Lacrime amare - né dolce né sale:
di vita nuova, straniera, l'albore.
Era il telefono: tante promesse,
chi sminuisce, chi piange, chi accorre.
Poi l'ospedale, i dottori. Incapace,
io, di silenzio alle lacrime imporre.
Eran le mani a percorrere, caute,
nuovi strumenti (oramai familiari),
tutte tremanti, inesperte, nolenti.
Gli occhi bramavano restare ignari.
Era la spada, di carne invasora,
a caccia perenne sul ventre smagrito.
Era il glucometro, ladro di sangue,
sempre assetato, mai nunzio gradito.
Era il sentirlo (neppure capirlo,
giammai accettarlo): davvero è successo.
Tutta la notte ha ronzato il "per sempre",
il suo rumor non m'ha sonno concesso.
Era l'inizio: ero bimba precoce
che in quello adulta dové diventare.
Oggi è più facile.
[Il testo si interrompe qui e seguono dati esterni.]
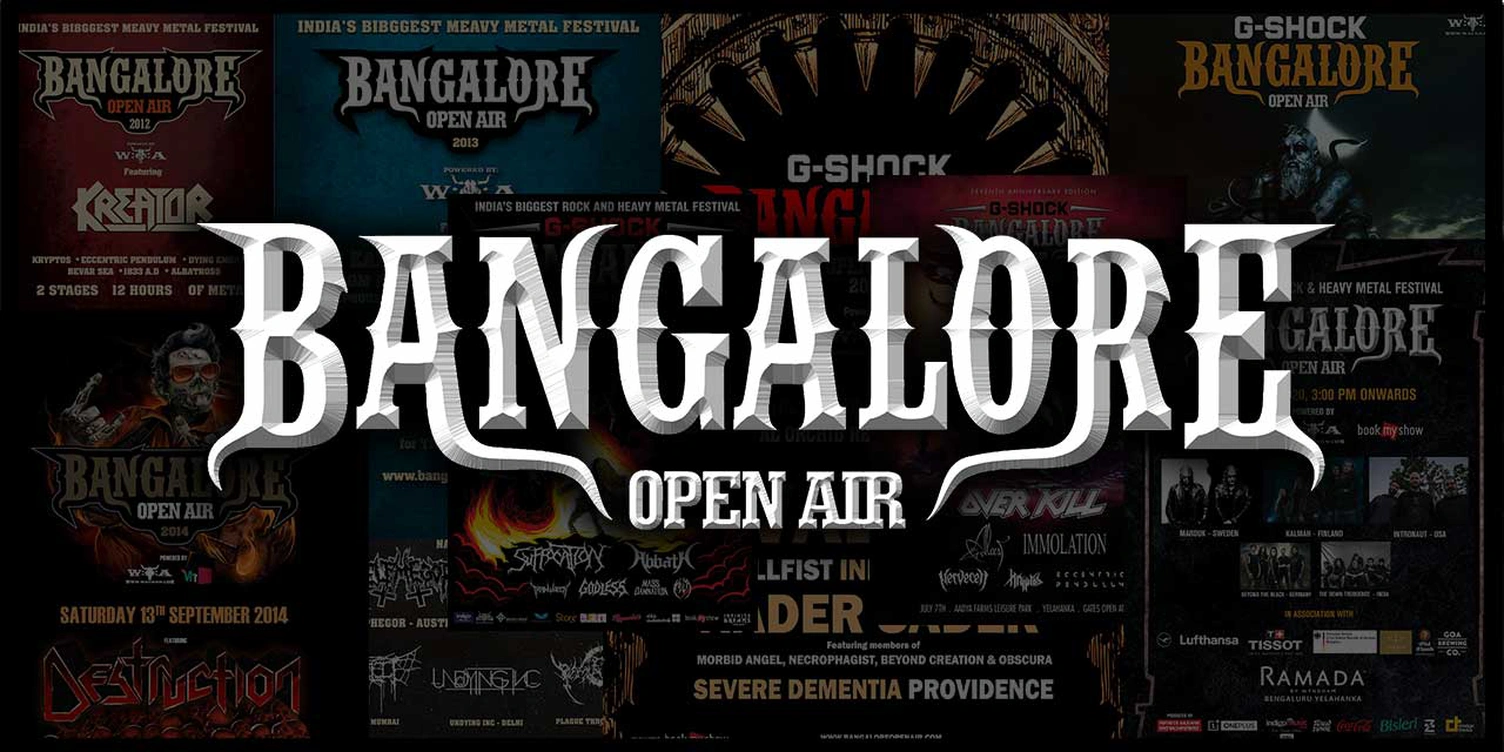 Bangalore Open Air 2022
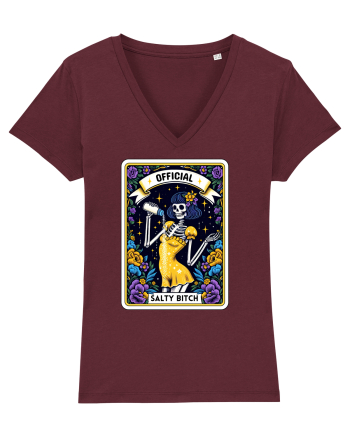 Official Salty Bitch Burgundy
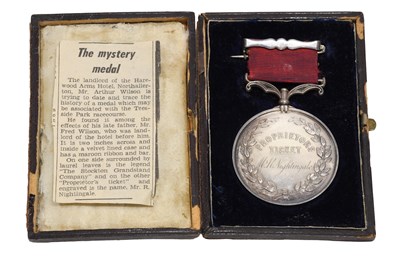 Lot 3055 - Racing Pass - The Stockton Grand Stand Company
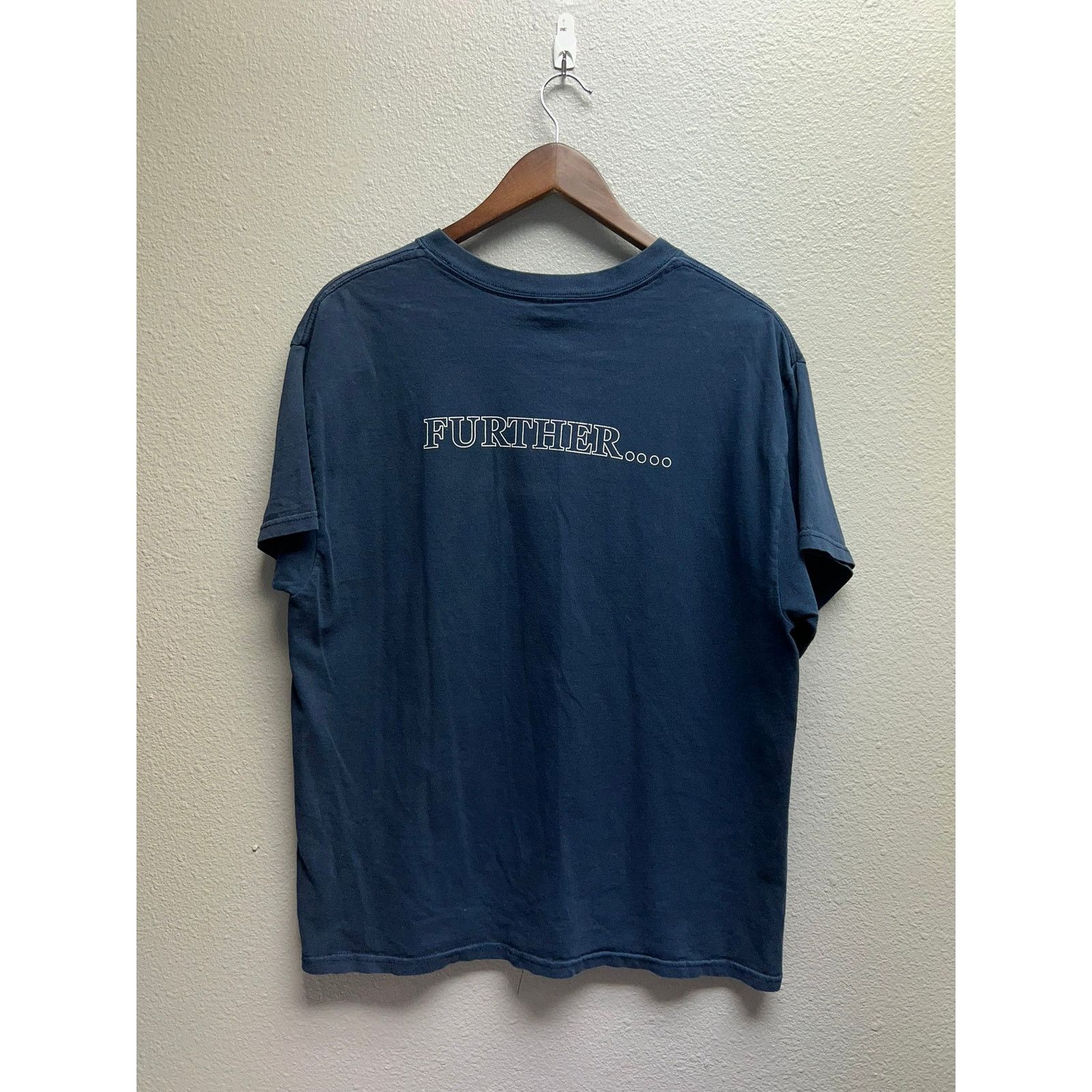 Gildan Y2K Pranqster Belgian Style Golden Ale Blue Shirt Brewery L Size US L / EU 52-54 / 3 - 8 Thumbnail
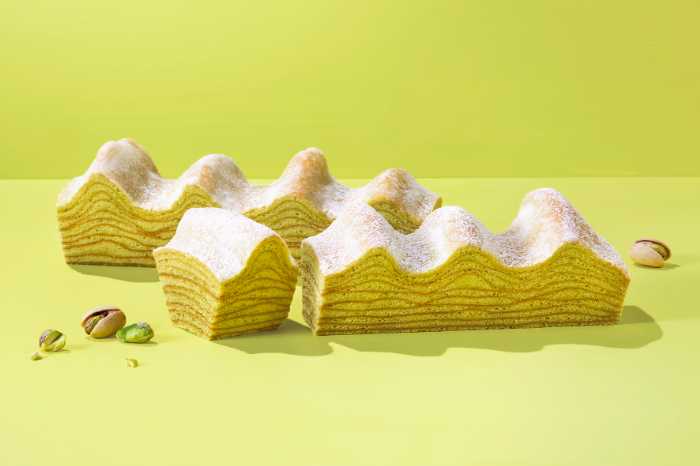 ねんりん家のピスタチオ香るマウントバーム①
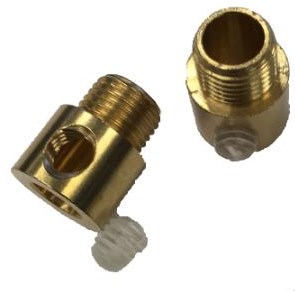Enzo collier de serrage m filetage mâle laiton par pièce 6551831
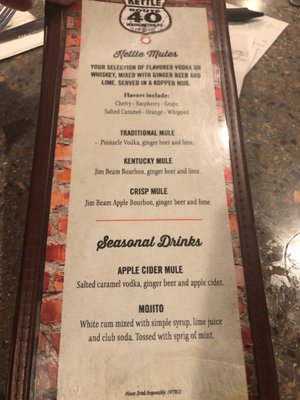 Menu photo 4 Kopper Kettle Washington, PA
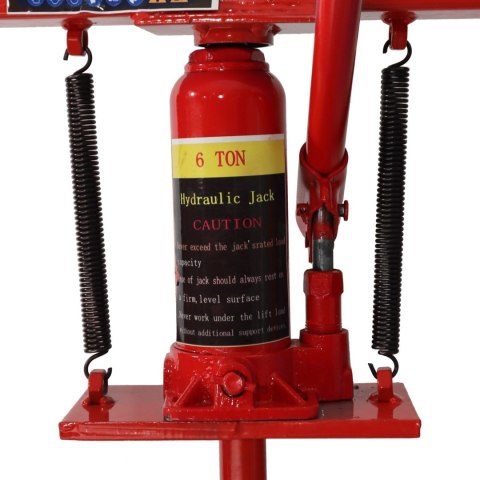 Prasa hydrauliczna do 6 ton warsztatowa ramowa trzpieniowa do warsztatu Bituxx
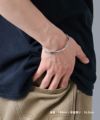 【WEB限定】ツイストエッジバングル/サージカルステンレス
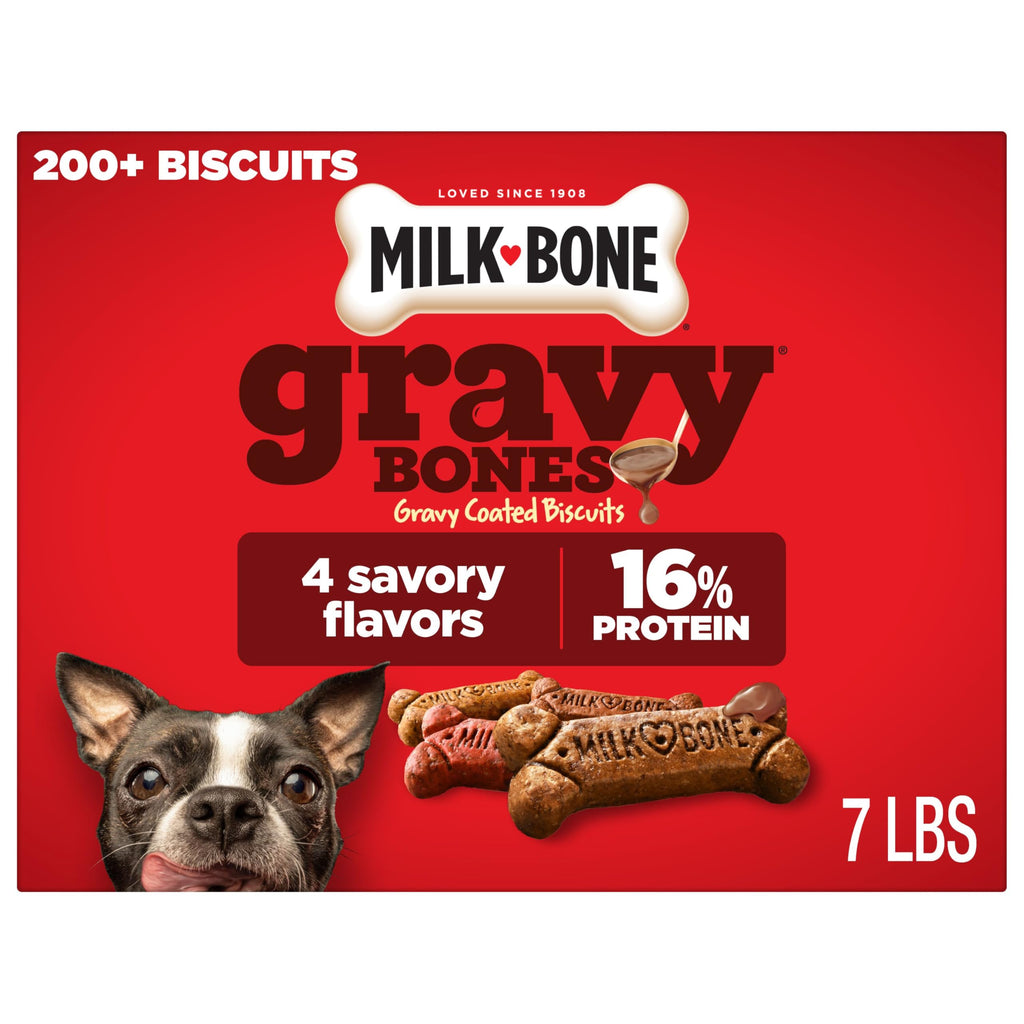 Gravy Coated Small Dog Biscuits W86800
Oggi son grande.
Certo il "per sempre" continua a pesare.
Il mio inciampare, talvolta, e cadere,
sempre più raro, non sconta il dolore:
la rassegnata sconfitta è la stessa,
di quel dannato febbraio ha il sapore.
Forte l'orgoglio di tante vittorie
vien facilmente così disarmato.
Sempre perdente sarò in un conflitto
che ad armi pari mai s'è presentato.